Task brief » Output all of the records again, exactly as written.

Raw data »

——

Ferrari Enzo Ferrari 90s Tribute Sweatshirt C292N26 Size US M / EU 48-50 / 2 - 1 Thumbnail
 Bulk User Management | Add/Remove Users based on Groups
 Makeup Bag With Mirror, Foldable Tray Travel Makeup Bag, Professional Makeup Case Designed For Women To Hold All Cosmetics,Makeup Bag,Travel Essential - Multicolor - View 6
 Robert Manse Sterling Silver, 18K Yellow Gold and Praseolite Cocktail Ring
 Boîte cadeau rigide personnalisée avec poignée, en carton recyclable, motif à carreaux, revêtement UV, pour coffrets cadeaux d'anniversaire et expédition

——

Output below »
Ferrari Enzo Ferrari 90s Tribute Sweatshirt C292N26 Size US M / EU 48-50 / 2 - 1 Thumbnail
 Bulk User Management | Add/Remove Users based on Groups
 Makeup Bag With Mirror, Foldable Tray Travel Makeup Bag, Professional Makeup Case Designed For Women To Hold All Cosmetics,Makeup Bag,Travel Essential - Multicolor - View 6
 Robert Manse Sterling Silver, 18K Yellow Gold and Praseolite Cocktail Ring
 Boîte cadeau rigide personnalisée avec poignée, en carton recyclable, motif à carreaux, revêtement UV, pour coffrets cadeaux d'anniversaire et expédition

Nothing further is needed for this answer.